The community, whose lands had been taken over by a plantation company, was exploring how to regain control of what they saw as rightfully theirs, but which the national government had handed out to an Indonesian multinational corporation, Lonsum. The discussion is just one example of a worldwide movement of indigenous peoples seeking to reclaim their rights to ancestral lands and jurisdictions.
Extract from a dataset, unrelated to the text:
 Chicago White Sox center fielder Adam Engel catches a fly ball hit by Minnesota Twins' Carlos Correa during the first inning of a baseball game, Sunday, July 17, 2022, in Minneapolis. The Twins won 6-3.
Facilitated by international communications, networks and supportive nongovernmental organizations (NGOs), indigenous peoples in Central Siberia, the Amazon Basin, the Congo, British Colombia and the Pacific can now learn about each other’s gains and setbacks within hours or days. What started out as a plethora of local movements for justice by peoples dispossessed by colonialism, national development and corporate penetration, has now developed into a global movement for the recognition and restitution of collective rights.

Considering the continuing wave of expropriations and denial of rights associated with the inexorable spread into indigenous peoples’ lands of dams, mines, logging, plantations, colonization schemes and agribusiness, it is easy to overlook how much progress indigenous peoples have made over the last 40 years. Yet, in the 1960s it took several years before the world learned of the machine-gunning of Amazonian Indians by land grabbers acting in connivance with the inaptly named Indian Protection Service in Brazil. The prevailing wisdom of the time was still that these “backwards” peoples were doomed to extinction, hangovers of a previous age that must inevitably give way to progress.

The international mobilization to counter this myth can be dated to the mid-1970s, when indigenous peoples from North America came for the first time to the United Nations to demand recognition of their right to self-determination. They were soon joined by Aboriginal peoples from Australia, Maori from New Zealand, Saami from Scandinavia and Indians from Central and South America. Today, annual meetings on indigenous peoples at the United Nations bring together representatives of marginalized “native” peoples from all over the world. Their presence is not only testimony to the spread of ideas but evidence of innumerable local and national mobilizations, as communities have organized, created new representative institutions, federated into regional bodies and joined into national and international umbrella groups.

This mobilization has not only helped raise international awareness about indigenous peoples’ situation, it has also helped to curb local processes of expropriation of indigenous lands. As political solidarity has grown and both the extent and underlying causes of dispossession have become clearer, national policies and laws have begun to change. Some countries have reformed national courts, and national laws and constitutions have been reformed.

Since the 1980s, most Latin American countries have either overhauled their constitutions or passed new “organic” (framing) laws to recognize the multi-ethnic and pluricultural nature of national societies and the rights of indigenous peoples to their lands, territories and natural resources. Millions of hectares of indigenous lands have been restored to indigenous control as a consequence, though the process is far from complete or uncontested.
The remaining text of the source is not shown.